From the first line of the records below through the line containing "CHP'de İstanbul teyakkuzu", copy everything exactly and nothing more.
[Extracted records — start]
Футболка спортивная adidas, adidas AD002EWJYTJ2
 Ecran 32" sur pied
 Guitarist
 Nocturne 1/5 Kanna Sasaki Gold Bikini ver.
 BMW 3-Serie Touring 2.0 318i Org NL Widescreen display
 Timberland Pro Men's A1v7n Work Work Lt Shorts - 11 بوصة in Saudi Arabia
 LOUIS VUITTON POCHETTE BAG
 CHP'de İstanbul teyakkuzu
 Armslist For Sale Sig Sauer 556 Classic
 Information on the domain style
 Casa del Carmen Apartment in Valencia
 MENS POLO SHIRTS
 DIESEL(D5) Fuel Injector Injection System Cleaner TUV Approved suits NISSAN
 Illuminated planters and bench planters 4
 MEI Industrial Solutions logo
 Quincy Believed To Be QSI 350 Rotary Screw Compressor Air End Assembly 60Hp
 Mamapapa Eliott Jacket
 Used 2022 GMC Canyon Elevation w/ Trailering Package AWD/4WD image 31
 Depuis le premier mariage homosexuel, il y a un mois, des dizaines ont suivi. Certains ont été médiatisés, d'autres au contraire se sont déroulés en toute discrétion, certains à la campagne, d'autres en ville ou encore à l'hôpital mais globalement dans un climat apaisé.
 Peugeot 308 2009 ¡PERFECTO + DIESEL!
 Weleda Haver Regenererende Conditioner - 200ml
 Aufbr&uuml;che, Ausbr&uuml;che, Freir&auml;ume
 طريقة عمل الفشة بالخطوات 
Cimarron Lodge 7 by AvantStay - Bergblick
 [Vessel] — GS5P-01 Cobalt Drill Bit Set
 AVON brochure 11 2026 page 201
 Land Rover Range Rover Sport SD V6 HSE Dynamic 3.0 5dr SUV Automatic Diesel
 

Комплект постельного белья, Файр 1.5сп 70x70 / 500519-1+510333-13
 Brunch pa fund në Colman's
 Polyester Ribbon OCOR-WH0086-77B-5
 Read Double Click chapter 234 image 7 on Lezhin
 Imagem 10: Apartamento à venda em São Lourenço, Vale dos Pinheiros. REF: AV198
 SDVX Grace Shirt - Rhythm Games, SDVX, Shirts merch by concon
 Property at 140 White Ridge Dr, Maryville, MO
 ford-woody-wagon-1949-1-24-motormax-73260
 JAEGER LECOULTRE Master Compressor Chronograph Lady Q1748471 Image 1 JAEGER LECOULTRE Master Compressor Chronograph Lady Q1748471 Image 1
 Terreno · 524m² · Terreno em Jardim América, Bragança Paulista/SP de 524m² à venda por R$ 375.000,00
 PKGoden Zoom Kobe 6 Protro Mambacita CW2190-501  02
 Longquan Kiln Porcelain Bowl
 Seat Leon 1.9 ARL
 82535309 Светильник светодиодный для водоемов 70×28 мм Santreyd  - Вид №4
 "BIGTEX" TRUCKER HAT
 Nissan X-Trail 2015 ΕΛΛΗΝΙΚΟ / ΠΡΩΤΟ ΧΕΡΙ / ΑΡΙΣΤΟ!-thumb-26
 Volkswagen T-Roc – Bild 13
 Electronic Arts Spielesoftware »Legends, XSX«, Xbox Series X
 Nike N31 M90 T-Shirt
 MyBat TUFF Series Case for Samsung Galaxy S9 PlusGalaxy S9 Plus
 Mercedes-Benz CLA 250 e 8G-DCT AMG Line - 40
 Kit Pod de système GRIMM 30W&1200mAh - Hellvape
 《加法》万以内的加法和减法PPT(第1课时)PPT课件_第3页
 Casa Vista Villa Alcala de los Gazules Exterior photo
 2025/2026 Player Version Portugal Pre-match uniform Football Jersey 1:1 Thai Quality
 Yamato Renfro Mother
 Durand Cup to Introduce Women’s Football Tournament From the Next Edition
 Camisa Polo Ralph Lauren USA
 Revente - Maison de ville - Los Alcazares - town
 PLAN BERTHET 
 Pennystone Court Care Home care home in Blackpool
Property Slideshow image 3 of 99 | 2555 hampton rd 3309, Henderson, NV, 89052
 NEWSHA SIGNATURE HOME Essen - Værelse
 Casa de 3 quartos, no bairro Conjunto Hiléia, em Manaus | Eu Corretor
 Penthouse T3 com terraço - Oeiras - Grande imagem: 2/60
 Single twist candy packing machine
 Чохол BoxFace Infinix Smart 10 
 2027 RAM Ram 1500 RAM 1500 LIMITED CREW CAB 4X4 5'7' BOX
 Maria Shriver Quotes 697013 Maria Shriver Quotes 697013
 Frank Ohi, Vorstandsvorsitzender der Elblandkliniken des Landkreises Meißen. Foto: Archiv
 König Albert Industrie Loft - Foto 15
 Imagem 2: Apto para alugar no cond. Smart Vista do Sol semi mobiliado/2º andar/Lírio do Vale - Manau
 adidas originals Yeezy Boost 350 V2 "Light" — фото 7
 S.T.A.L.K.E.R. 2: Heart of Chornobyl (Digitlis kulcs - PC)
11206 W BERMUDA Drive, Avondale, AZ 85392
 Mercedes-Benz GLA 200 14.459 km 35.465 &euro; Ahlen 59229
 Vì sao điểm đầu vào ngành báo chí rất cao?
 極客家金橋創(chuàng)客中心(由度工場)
[Extracted records — finish]
Answer section:
Футболка спортивная adidas, adidas AD002EWJYTJ2
 Ecran 32" sur pied
 Guitarist
 Nocturne 1/5 Kanna Sasaki Gold Bikini ver.
 BMW 3-Serie Touring 2.0 318i Org NL Widescreen display
 Timberland Pro Men's A1v7n Work Work Lt Shorts - 11 بوصة in Saudi Arabia
 LOUIS VUITTON POCHETTE BAG
 CHP'de İstanbul teyakkuzu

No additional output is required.